The group, which includes director Paul Naude, will conduct due diligence on a non-exclusive basis with the process expected to take as long as six weeks, Gold Coast, Australia-based Billabong said in a statement today.
Billabong announced its fourth bid from a buyout firm in a year on Dec. 19 after Naude, who heads its Americas division, and Sycamore offered A$1.10 a share for the business. Billabong cut its profit forecast by as much as 49 percent in the same statement with Chief Financial Officer Craig White departing the next day.

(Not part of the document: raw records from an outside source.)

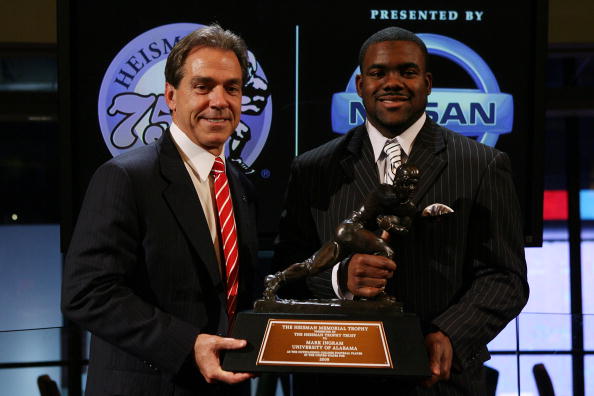 NEW YORK - DECEMBER 12: Running back Mark Ingram (R) #22 of the Alabama Crimson Tide poses with Head coach Nick Saban (L) and the Heisman Trophy during a press conference after being named the 75th Heisman Trophy winner at the Marriott Marquis on December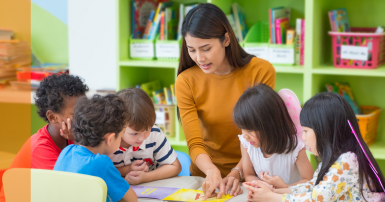 Teacher talking to kids in classroom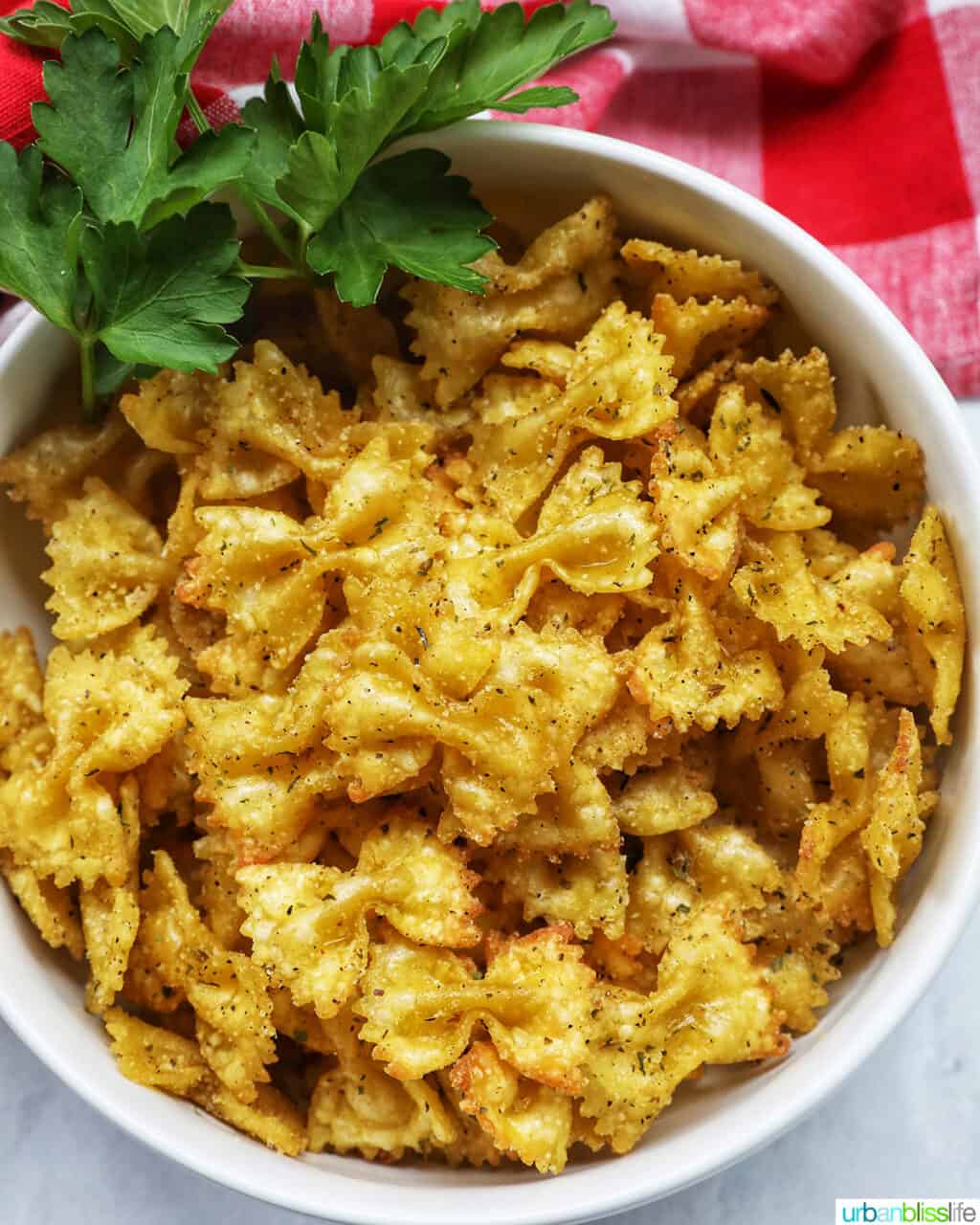 bowl of Air Fryer Pasta Chips in a white bowl with parsley.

“There remain significant questions regarding the future earnings potential of Billabong,” analysts led by Shaun Cousins at JPMorgan Chase & Co., said in a Dec. 20 note to clients. “We believe Sycamore Partners is well positioned to turn around Billabong.”
The stock rose 0.6 percent to 83 Australian cents as of the close of trading in Sydney, paring this year’s decline to 41 percent.

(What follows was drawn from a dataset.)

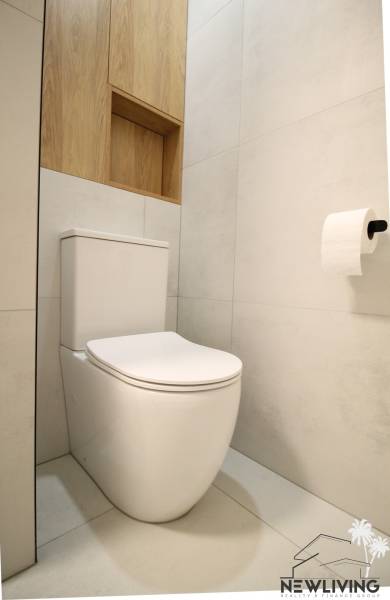 Toilet with wooden decor, shelves, and tiles in a studio apartment.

Billabong this year failed to make an annual profit for the first time since it sold shares in 2000 as it sold stock at a loss to clear shelf space, paid penalties to break store leases early, and cut the value of its brands.

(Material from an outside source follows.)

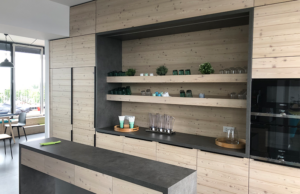 Our open kitchen in wood design with two microwaves and a long kitchen island in the middle.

“The board of Billabong reiterates that there is no guarantee that, following a period of due diligence by the consortium, an acceptable binding proposal will be forthcoming,” the company said in today’s statement.
Weaker-than-expected sales over the past six weeks, traditionally the busiest period for retailers, as well as restructuring costs, will push down earnings before interest, tax, depreciation and amortization this year to between A$56 million and A$63 million, the company said Dec. 19.
Billabong, which had previously forecast annual profit of as much as A$110 million, also said it may have to revalue assets, a process which could further reduce net income, the company said.
The surfwear company has missed its target for earnings more than 10 times since 2007, according to a chart produced by JPMorgan.
Naude, who’s headed Billabong’s largest division by sales since 1998, temporarily stepped aside as a director on Nov. 19 to pursue the leveraged buyout. The South African owns about 0.2 percent of Billabong’s stock, according to data compiled by Bloomberg.
He won his country’s championship board event while working as a professional surfer in the 1970s, and headed the Laguna Beach, California-based Gotcha brand’s South African unit in the 1980s before joining Billabong, according to the book, Greg Noll: the Art of the Surfboard.
Sycamore’s $369 million bid for Talbots Inc. was accepted by the Hingham, Massachusetts-based women’s clothing retailer’s board in June. Sycamore also acquired a 51 percent stake in Mast Global Fashions, the apparel-sourcing division of Victoria’s Secret owner Limited Brands, in November 2011.
Naude’s Dec. 19 offer would price Billabong’s equity and net debt of A$688 million at about 11.6 times the median of its latest forecast Ebitda. That compares with a median of 14.8 times Ebitda in 16 takeovers of clothing companies worth more than $100 million over the last five years.
The offer is less than 14 percent of Billabong’s peak market capitalization of A$3.8 billion in mid-2007, and little more than half the A$1.02 billion value that founder Gordon Merchant said in February he’d turn down if TPG International LLC, which had made a takeover approach, offered it.
TPG, the private equity company controlled by David Bonderman, pitched offers to Billabong this year from A$1.45 to A$3.30 a share before walking away in October without giving reasons.
An unnamed bidder, which people familiar with the matter identified as Bain Capital LLC, dropped an offer in September after carrying out due diligence.